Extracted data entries
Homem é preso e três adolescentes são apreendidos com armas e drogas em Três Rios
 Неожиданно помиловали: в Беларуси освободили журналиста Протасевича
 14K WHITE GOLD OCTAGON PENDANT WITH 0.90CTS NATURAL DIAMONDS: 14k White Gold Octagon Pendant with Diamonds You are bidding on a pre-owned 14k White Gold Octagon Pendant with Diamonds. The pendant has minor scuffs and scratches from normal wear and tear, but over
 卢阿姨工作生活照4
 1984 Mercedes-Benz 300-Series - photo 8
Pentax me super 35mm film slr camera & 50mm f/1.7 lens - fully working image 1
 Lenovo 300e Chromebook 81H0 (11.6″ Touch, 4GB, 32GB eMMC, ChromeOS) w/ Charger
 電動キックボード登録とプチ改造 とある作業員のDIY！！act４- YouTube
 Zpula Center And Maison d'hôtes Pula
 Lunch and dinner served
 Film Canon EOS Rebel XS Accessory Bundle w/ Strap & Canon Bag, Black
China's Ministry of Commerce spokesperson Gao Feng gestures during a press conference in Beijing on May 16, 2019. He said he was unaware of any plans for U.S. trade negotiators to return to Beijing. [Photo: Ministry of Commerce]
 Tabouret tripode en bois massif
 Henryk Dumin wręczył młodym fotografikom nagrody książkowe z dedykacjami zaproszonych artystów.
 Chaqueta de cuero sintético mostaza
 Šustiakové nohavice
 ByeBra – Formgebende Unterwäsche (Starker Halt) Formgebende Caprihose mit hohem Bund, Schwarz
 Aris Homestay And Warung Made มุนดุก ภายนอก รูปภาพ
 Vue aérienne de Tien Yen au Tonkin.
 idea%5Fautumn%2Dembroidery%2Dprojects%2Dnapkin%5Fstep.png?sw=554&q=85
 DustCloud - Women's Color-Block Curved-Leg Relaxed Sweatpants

■ Problem details:
Starting from the first line above, copy the data through to the last line exactly.

■ Response:
Homem é preso e três adolescentes são apreendidos com armas e drogas em Três Rios
 Неожиданно помиловали: в Беларуси освободили журналиста Протасевича
 14K WHITE GOLD OCTAGON PENDANT WITH 0.90CTS NATURAL DIAMONDS: 14k White Gold Octagon Pendant with Diamonds You are bidding on a pre-owned 14k White Gold Octagon Pendant with Diamonds. The pendant has minor scuffs and scratches from normal wear and tear, but over
 卢阿姨工作生活照4
 1984 Mercedes-Benz 300-Series - photo 8
Pentax me super 35mm film slr camera & 50mm f/1.7 lens - fully working image 1
 Lenovo 300e Chromebook 81H0 (11.6″ Touch, 4GB, 32GB eMMC, ChromeOS) w/ Charger
 電動キックボード登録とプチ改造 とある作業員のDIY！！act４- YouTube
 Zpula Center And Maison d'hôtes Pula
 Lunch and dinner served
 Film Canon EOS Rebel XS Accessory Bundle w/ Strap & Canon Bag, Black
China's Ministry of Commerce spokesperson Gao Feng gestures during a press conference in Beijing on May 16, 2019. He said he was unaware of any plans for U.S. trade negotiators to return to Beijing. [Photo: Ministry of Commerce]
 Tabouret tripode en bois massif
 Henryk Dumin wręczył młodym fotografikom nagrody książkowe z dedykacjami zaproszonych artystów.
 Chaqueta de cuero sintético mostaza
 Šustiakové nohavice
 ByeBra – Formgebende Unterwäsche (Starker Halt) Formgebende Caprihose mit hohem Bund, Schwarz
 Aris Homestay And Warung Made มุนดุก ภายนอก รูปภาพ
 Vue aérienne de Tien Yen au Tonkin.
 idea%5Fautumn%2Dembroidery%2Dprojects%2Dnapkin%5Fstep.png?sw=554&q=85
 DustCloud - Women's Color-Block Curved-Leg Relaxed Sweatpants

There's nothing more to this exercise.